シニアがなんだ!
カナダで再出発
在シアトル日本国総領事館に現地職員として39年間勤務した後に、2013年定年退職した武田 彰さんが綴るハッピー・シニアライフ。国境を超えるものの、シアトルに隣接する都市であるカナダのバンクーバーB.C.で過ごす海外リタイアメント生活を、お伝えしていきます。
近頃思うこと
冬季はピックルボールをする機会が減り、退屈する。ついこの前までハワイで 2 週間の「食っちゃ寝」生活を送っていたが、その延長か。早くボケるのではと、ちょっと心配。
正月には、弟夫婦の次女とLINEでビデオ通話。弟宅に集う延長家族 15 人全員が順に映し出され、6 年前に会った際の記憶がよみがえる。わが外国生活は 50 年になるが、その間に弟夫婦の 3 人の子からこんなにも家族が膨らんだ。正直、ビデオ通話は自分の顔が映るので得意ではない。日本人は他人の身体の変化を普通に口に出す。北米人はこのようなことは聞きたがらない。特に「太ったね」が禁句なのは、こちらに来て覚えた。だが弟は、私の顔を見るや開口一番、「年取ったね!」。「おまえこそ」と言いたいのをグッとこらえるが、弟が 67 歳になっても住宅建築の仕事をまだ続けられているのは、健康だからこそだろう。弟一家全員が平穏に暮らせているようなので安心する。それは当然ではなく、奇跡だと思うこの頃。
最近は寝付きが悪い。夜中に目が覚めると、もう眠れない。睡眠を促すメラトニンのサプリメントを数年前から飲み始めたが、あまり効かなくなった。そんな時、考えないようにしても頭に浮かぶのは、先延ばししている遺書の書き換え、法的代理人の指定や委任状の作成といった煩わしい手続き。
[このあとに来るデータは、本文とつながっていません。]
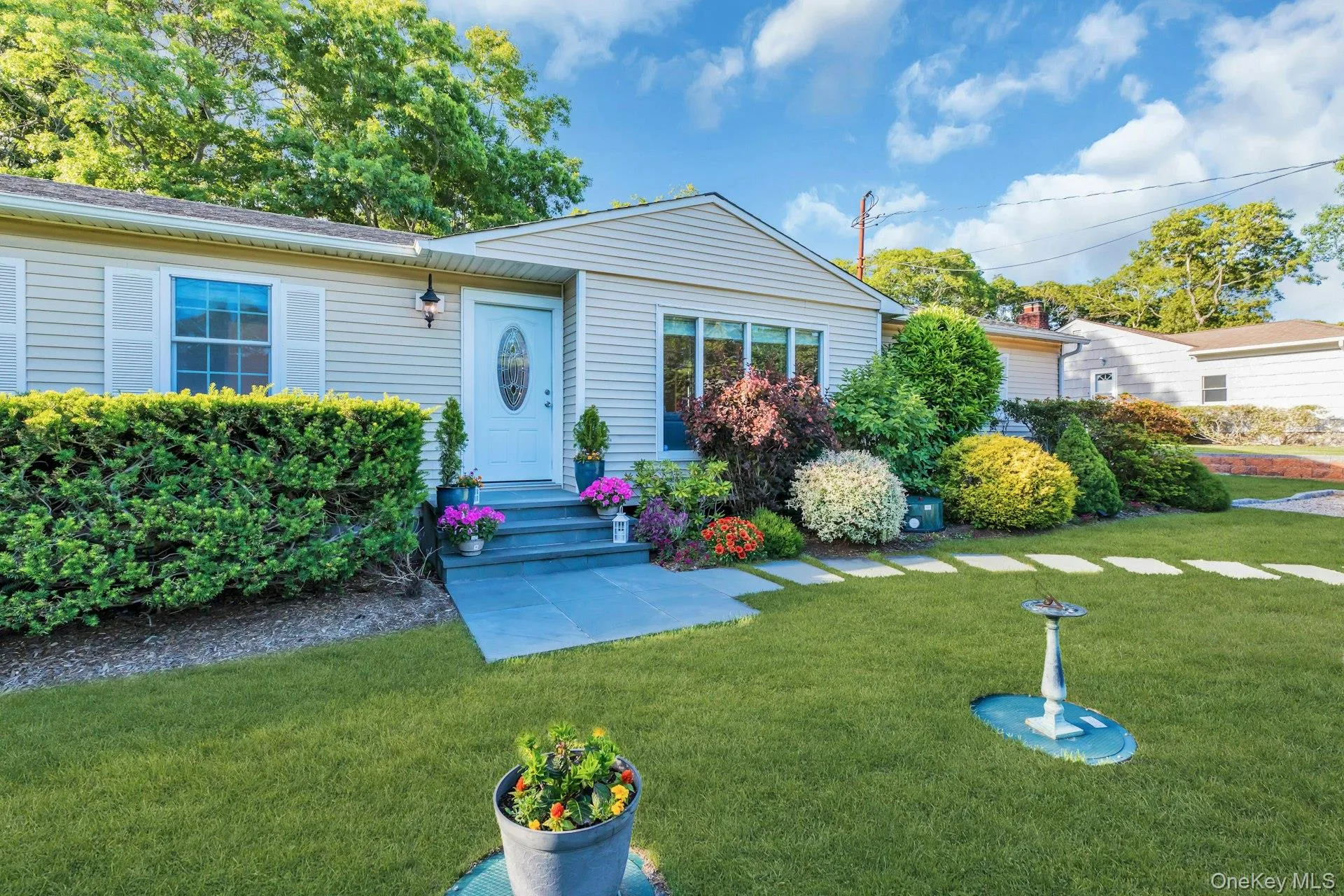 116 Tiana Road, Southampton, NY, 4 Bedrooms Bedrooms, 7 Rooms Rooms,2 BathroomsBathrooms,Residential,For Rent,Tiana,0,1015541 116 Tiana Road, Southampton, NY, 4 Bedrooms Bedrooms, 7 Rooms Rooms,2 BathroomsBathrooms,Residential,For Rent,Tiana,0,1015541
パンデミックで諸活動が停滞した 3 年間を経て、すっかり怠け癖が付いてしまった。ある歌が頭に浮かび、同じ節が頭にこびりついて離れないことも。
友人たちもよく似た状況らしい。悩みをシェアすると、地元ラジオ局発の情報を教えてくれた。寝付きを良くするには、就寝前にテレビやパソコンなどブルーライトを放つ画面は見ない、読書なら恐怖・推理ものは避ける、など。私がしていることは全てペケなのだ。さらに、カフェインや飲酒を控える、メディテーションや深呼吸で神経を落ち着かせる、就寝1時間前にアラームを設定して脳に「眠る時間だよ」と合図を送る、心身を就寝モードに移行するためのルーティンを作る、と効果的な方法はいろいろあると言う。
これを聞いてから、午後 9 時以降のテレビ視聴は「笑点」に切り替え、読書も桐野夏生から浅田次郎に変更。いつもより30 分早くベッドに入り、眠くなるまで本を読んでみた。すると単純にも、メラトニンなしで眠りに就けたのだ。相棒のジェームズも、テレビでニュース番組を観ていると、「大方悪いニュースなのに、ストレスがたまらない?」とひと言。なるほどと納得し、ローカル局のハイライト版のみに絞り、CNNは避けるように。早朝のピックルボールを再開させ、昨夏のように早寝早起きを習慣付けるのもいいかもしれない。シニアライフは問題解決も毎日の課題。